Sono capitato in una fiera di paese: cibo, animali, folla, musica, frastuono. Insomma, tanti segnali di allegria. Bighellonando da soli, si è portati ad affinare l’udito e cogliere qualche battuta al volo. Più o meno questo il tono dei discorsi: “ma tu vedi questi stranieri, adesso bisogna anche ospitarli, pagar loro il soggiorno, sopportarli ciondolare per strada, o dedicarsi ad ogni nefandezza”. Il giorno precedente ero stato all’aeroporto della Malpensa. Nell’aerostazione, rari gli europei: mediorientali, nordafricani, sudamericani, cinesi. Donne bellissime, attraenti, spesso in compagnia di mariti o compagni italiani, con frotte di bambini al seguito. Gruppetti familiari allegri, pieni di vita, spensierati.
I due episodi mi hanno fatto pensare che l’Italia (e con essa l’Europa) si appresta a diventare quello stesso “melting pot”, quel crogiuolo di razze, che ha reso grande l’America. I commenti dei benpensanti in fiera nascondevano solo la paura del nuovo e del diverso. La realtà è quella che ho colto all’aeroporto milanese. Il processo è inarrestabile. Hanno voglia gli ungheresi di costruire muri e fare sgambetti: a mio parere, piuttosto, andrebbero cacciati gli ungheresi dall’Europa. Questi muri saranno abbattuti dalla voglia di tanta gente di vario colore e provenienza di fuggire dalla miseria, dalla paura, dalla fame e dalla guerra.
E, poi, come intendiamo sostenere il nostro sistema economico che si è seduto? Pensioni, stipendi pubblici e rendite non durano per sempre. Qui bisogna rimboccarsi le maniche e lavorare. Con le mani, oltre che con la mente. I “bamboccioni” italiani, figli del benessere, preferiscono stare a casa e dormire fino a tardi, sotto l’ala protettrice di mammà, dopo aver passato le nottate in discoteca ed i pomeriggi in palestra (parlo di una minoranza, è ovvio). Chi si sporca le mani e si spezza la schiena con la fatica?

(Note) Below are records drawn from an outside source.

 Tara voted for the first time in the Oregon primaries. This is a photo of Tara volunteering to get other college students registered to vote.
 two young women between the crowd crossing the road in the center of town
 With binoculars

Gli stranieri, ovviamente, che farebbero qualsiasi cosa, pur di affrancarsi dal bisogno. Così hanno fatto gli italiani in America, quando vivevano in sordide baracche, lavoravano di mazza e di piccone e venivano chiamati “dagos”, gente di basso livello. Così faranno gli stranieri in un’Italia multietnica, con la speranza di diventare italiani a tutti gli effetti.
Per chi avesse dimenticato, può rinfrescarsi la memoria con il bel libro di Gian Antonio Stella, L’Orda. Quando gli albanesi eravamo noi, edito da Rizzoli. Oggi, non si tratta di una invasione di stranieri brutti, sporchi e cattivi, che può essere un problema. Ma lo è soltanto se gli Stati non lo organizzano e fronteggiano correttamente. Fermo restante, che ci sono stranieri e stranieri. Ricordo due di essi, di colore. Un vicino di casa, gran signore, corretto, educato, riservato, lavoratore, buon padre di famiglia. Un altro, invece, ubriaco e demente, che avrebbe meritato di essere giustiziato sul posto. Vi risparmio i particolari.

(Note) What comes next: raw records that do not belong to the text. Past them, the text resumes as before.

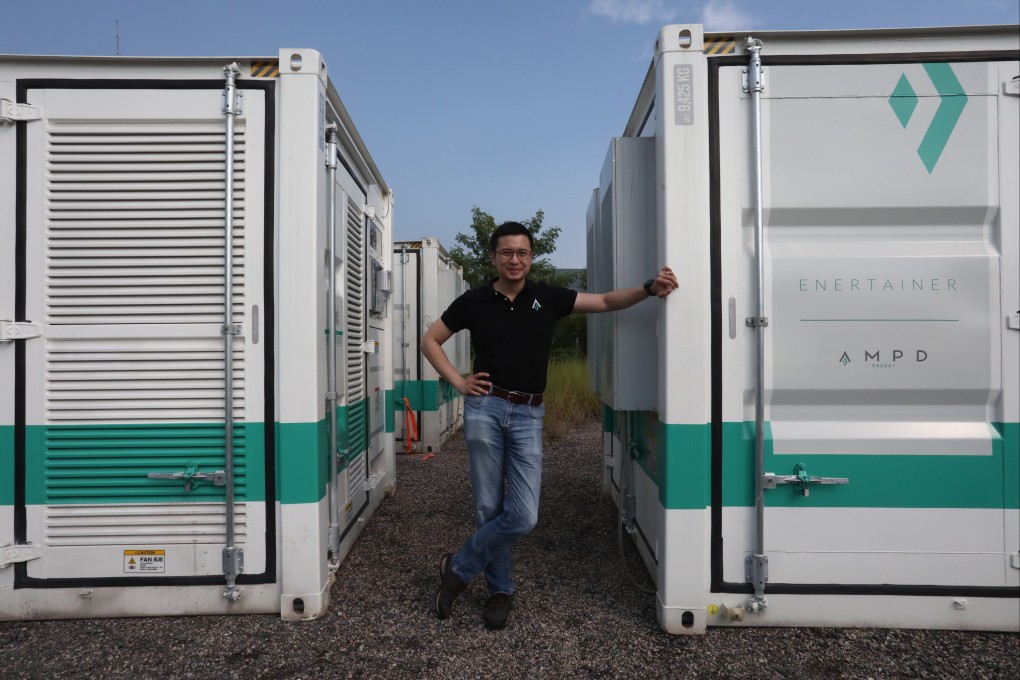AMPD Energy CEO Brandon Ng with an AMPD energy storage system in the Tseung Kwan O Industrial Estate. Photo: Jonathan Wong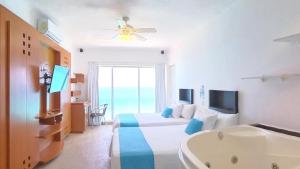 a bedroom with a bed and a tub and a television at Suite Sol in Cancún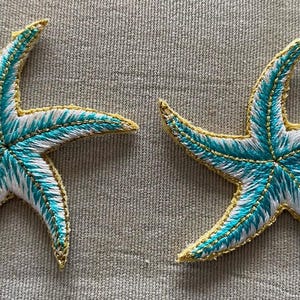 May include: Two embroidered starfish with turquoise and white thread detailing. The starfish have a gold-colored border and are set against a neutral background. These decorative items are likely for coastal or nautical-themed decor.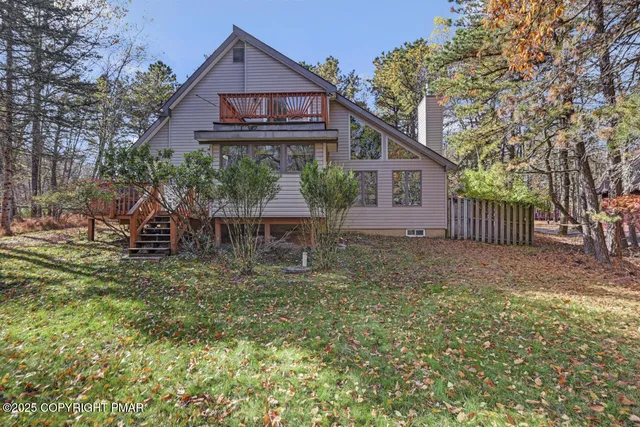 a living room with furniture ceiling fan and a rug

Lo Stato italiano, l’Unione Europea devono guardare anche alla valenza economica di questa forza lavoro, di queste centinaia di migliaia di persone che spesso hanno cultura, sanno fare ed hanno voglia di fare. Molti già lavorano, altri potrebbero essere impiegati nei servizi di pubblica utilità, anche come corrispettivo per l’ospitalità che ricevono. Molti hanno già comprato casa, altri potrebbero acquistarla e contribuire a vivacizzare un mercato che, al momento, è una delle palle al piede dell’Italia. Stabilire diritti e doveri e rimpatriare velocemente coloro che delinquono. Inclusione, civiltà ed umanità viaggiano di pari passo.
Considerare queste forze fresche che affluiscono come un’opportunità, non come un modo per fruire dei contributi economici dell’Europa e foraggiare qualche organizzazione (“no profit?”) amica. L’Italia, rispetto agli altri Paesi europei, si è dimostrata più umana e civile. E’ andata a salvare tanti poveretti che stavano per affogare in mare. Di altri è riuscita a raccogliere solo i corpi. Nel mio girovagare in quella fiera di paese, ho sentito anche: “cos’è questo buonismo?”. Ecco un altro lascito della mala politica: il conio e la diffusione di un termine che tende a rendere cosa sgradevole la bontà d’animo. Ma occuparsi di chi chiede soltanto di migliorare la propria esistenza dovrebbe essere azione sentita e spontanea, oltre che atto di civiltà.